The play was originally written by Harold Brighouse in 1916, apparently inspired by the sight of lines of servicemen on their way to be slaughtered on the battlefields of France. A shocked Brighouse wanted to write a play where convention was overturned and people with no choice – Hobson’s Choice – took control over their own lives.
The original play is set in turn of the century Salford in the successful boot shop owned by the boozy and pompous Hobson. The woefully oppressed but talented Willie Mossop makes boots people want to buy and Hobson’s eldest daughter Maggie does everything else. Hobson, busy drinking away the profits, is confident that things will continue like this for ever. Maggie has other ideas and sets about changing her – and Willie’s – life completely. To do so she has to overturn every convention and obligation that Edwardian society expected from a woman and it makes for a great play.
The version by Tanika Gupta updates the story to the Asian community in modern day Salford. Harry Hobson becomes Hari Hobson, owner of a tailor’s shop that specialises in exquisite saris. Maggie becomes Durga (the eldest of his three daughters) and Willie becomes Ali Mossop – the object and subject of Durga’s plans of transformation. I shouldn’t have worried. The play works splendidly in its new environment. The performances are outstanding, the sets fantastic and the whole production brims with creativity and dynamism.

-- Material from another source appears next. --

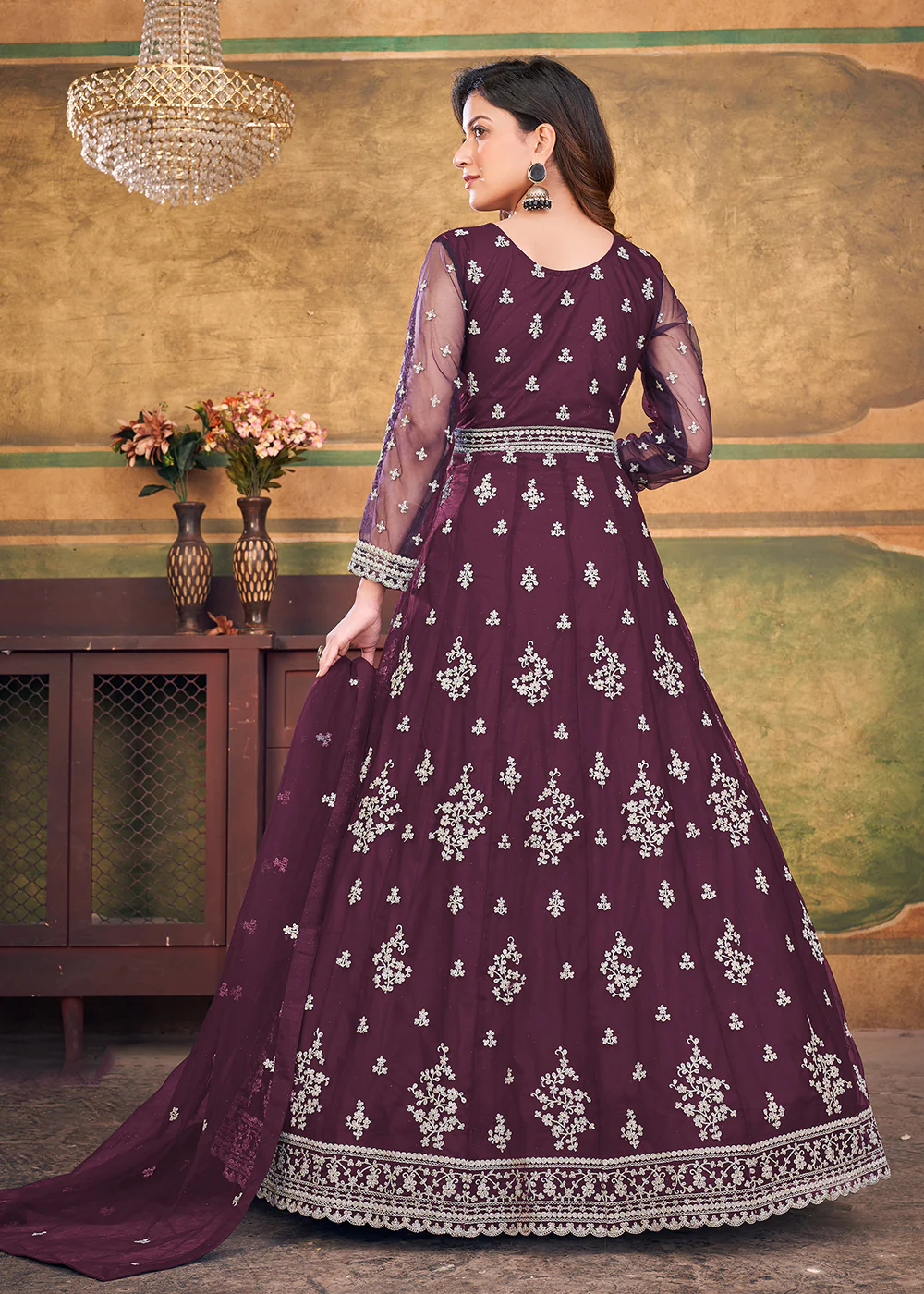 Function Look Classic Wine Plum Net Anarkali Suit - Image 3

It could be argued that the message of the play is that anyone can ‘make it’ through hard work, thrift and education. Yet I think that is only one interpretation. This is a play about the possibilities of transformation and change, even as the original play has been transformed. The appearance of a sexy and confident Ali in the final act, light years from the timid and exploited mouse earlier in the play, has everyone cheering and is the key to the play for Tanika Gupta: ‘For me the most life affirming element of Hobson’s Choice is the journey of Ali Mossop. He displays the inherent potential of all human beings to transcend their origins, condition and position in society.’